### YOUR OBJECTIVE
Your task is to gather the lines below that hold the string "anticorps".

### DATA FOR THIS EXERCISE
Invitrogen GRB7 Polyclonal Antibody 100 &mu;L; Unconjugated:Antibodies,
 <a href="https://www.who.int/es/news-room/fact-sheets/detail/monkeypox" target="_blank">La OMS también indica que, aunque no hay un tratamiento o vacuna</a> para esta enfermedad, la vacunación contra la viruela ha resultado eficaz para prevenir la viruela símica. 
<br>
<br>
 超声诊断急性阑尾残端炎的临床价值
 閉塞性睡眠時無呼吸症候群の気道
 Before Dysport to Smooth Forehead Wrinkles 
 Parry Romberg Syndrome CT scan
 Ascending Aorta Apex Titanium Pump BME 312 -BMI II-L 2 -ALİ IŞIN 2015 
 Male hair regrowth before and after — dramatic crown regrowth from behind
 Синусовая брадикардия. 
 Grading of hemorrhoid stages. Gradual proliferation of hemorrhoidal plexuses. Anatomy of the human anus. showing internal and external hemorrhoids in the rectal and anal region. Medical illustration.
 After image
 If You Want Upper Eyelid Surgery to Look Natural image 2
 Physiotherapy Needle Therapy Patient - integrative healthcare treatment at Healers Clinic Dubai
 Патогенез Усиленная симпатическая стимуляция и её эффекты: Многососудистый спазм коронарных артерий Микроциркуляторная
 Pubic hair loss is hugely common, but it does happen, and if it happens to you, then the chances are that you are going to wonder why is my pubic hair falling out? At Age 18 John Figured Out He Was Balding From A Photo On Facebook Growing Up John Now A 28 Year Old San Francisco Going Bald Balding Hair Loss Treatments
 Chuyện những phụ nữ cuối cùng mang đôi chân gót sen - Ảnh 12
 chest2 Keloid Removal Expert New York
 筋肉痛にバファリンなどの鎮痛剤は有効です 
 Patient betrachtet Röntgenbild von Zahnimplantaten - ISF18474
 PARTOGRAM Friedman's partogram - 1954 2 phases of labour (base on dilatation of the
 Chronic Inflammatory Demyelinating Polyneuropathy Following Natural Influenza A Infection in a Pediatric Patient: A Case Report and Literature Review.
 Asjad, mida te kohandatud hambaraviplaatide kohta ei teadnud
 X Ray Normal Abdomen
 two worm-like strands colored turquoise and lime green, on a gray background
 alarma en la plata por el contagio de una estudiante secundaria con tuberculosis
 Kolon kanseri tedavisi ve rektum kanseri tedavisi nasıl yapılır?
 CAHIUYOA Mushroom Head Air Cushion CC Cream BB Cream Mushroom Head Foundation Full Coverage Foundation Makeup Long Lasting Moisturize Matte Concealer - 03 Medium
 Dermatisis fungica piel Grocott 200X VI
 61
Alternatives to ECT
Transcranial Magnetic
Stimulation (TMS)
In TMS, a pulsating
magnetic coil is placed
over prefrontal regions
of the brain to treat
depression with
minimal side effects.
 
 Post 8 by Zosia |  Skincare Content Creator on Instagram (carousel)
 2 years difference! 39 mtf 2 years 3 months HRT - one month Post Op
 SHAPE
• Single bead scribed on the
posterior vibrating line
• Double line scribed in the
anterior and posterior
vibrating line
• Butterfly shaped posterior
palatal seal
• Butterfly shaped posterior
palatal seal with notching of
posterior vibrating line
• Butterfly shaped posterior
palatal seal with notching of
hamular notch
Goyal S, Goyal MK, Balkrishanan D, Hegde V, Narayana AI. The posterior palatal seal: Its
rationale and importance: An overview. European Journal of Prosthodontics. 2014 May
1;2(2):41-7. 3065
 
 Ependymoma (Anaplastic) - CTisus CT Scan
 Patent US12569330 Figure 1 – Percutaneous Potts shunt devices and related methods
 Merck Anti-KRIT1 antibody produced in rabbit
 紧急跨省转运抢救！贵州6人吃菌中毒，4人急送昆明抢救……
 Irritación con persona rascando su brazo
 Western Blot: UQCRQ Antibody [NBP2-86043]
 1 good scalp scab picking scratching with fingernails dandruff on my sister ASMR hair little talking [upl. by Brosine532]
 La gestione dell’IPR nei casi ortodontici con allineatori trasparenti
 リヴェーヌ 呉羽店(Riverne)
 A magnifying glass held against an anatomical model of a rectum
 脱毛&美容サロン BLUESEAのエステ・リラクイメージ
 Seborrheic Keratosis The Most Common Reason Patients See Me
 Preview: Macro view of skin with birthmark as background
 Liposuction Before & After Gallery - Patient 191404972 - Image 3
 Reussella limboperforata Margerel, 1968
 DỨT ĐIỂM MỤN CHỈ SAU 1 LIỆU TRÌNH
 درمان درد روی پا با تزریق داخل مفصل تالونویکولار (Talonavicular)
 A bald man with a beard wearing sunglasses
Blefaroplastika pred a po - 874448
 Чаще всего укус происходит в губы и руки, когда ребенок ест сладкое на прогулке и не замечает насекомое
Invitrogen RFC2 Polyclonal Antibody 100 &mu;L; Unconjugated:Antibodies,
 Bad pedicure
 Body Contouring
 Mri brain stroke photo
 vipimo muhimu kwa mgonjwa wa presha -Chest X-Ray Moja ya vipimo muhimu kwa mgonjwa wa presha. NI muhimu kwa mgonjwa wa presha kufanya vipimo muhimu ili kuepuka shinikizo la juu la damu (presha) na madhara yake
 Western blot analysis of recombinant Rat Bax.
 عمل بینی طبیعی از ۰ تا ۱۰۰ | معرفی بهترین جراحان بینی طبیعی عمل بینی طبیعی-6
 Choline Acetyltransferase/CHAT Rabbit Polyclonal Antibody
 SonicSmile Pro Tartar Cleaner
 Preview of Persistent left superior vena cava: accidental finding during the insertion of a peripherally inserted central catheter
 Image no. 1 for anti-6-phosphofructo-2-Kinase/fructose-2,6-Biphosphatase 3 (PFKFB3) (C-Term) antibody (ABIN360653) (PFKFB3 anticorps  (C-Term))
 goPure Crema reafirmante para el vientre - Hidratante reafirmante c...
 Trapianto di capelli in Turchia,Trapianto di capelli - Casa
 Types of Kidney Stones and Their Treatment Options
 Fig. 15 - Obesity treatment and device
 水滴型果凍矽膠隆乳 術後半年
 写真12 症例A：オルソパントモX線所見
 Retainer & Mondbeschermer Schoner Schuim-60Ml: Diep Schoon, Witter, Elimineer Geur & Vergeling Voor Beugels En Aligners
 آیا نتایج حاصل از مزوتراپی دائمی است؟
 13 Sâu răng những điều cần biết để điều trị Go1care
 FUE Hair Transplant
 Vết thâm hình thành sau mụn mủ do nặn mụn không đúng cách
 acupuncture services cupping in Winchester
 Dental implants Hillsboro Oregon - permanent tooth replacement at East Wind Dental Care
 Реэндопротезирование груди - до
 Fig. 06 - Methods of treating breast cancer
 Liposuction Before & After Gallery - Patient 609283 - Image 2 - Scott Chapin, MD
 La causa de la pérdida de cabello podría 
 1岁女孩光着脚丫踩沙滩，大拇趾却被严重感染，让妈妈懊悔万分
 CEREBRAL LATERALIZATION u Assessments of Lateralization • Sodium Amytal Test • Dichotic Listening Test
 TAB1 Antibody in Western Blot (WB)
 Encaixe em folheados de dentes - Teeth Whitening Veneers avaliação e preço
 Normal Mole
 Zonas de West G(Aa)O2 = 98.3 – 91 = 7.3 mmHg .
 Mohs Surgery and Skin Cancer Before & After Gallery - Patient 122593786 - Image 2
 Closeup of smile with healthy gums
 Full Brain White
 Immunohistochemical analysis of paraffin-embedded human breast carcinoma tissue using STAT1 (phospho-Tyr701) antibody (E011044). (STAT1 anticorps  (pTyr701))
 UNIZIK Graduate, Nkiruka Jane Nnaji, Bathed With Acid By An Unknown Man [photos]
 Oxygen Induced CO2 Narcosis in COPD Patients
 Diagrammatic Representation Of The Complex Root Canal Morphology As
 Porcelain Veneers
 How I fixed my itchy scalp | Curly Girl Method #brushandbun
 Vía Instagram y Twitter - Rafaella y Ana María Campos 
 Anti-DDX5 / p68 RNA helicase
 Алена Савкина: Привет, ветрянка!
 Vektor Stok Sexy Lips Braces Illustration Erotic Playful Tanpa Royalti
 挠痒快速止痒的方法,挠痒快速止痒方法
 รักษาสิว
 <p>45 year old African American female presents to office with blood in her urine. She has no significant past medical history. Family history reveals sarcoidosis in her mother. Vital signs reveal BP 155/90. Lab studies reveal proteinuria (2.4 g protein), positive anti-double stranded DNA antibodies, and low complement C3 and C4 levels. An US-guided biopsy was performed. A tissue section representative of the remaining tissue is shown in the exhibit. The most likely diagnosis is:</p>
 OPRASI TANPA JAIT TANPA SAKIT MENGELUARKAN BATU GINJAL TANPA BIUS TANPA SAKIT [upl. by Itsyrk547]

### RESULT BELOW
 Image no. 1 for anti-6-phosphofructo-2-Kinase/fructose-2,6-Biphosphatase 3 (PFKFB3) (C-Term) antibody (ABIN360653) (PFKFB3 anticorps  (C-Term))
 Immunohistochemical analysis of paraffin-embedded human breast carcinoma tissue using STAT1 (phospho-Tyr701) antibody (E011044). (STAT1 anticorps  (pTyr701))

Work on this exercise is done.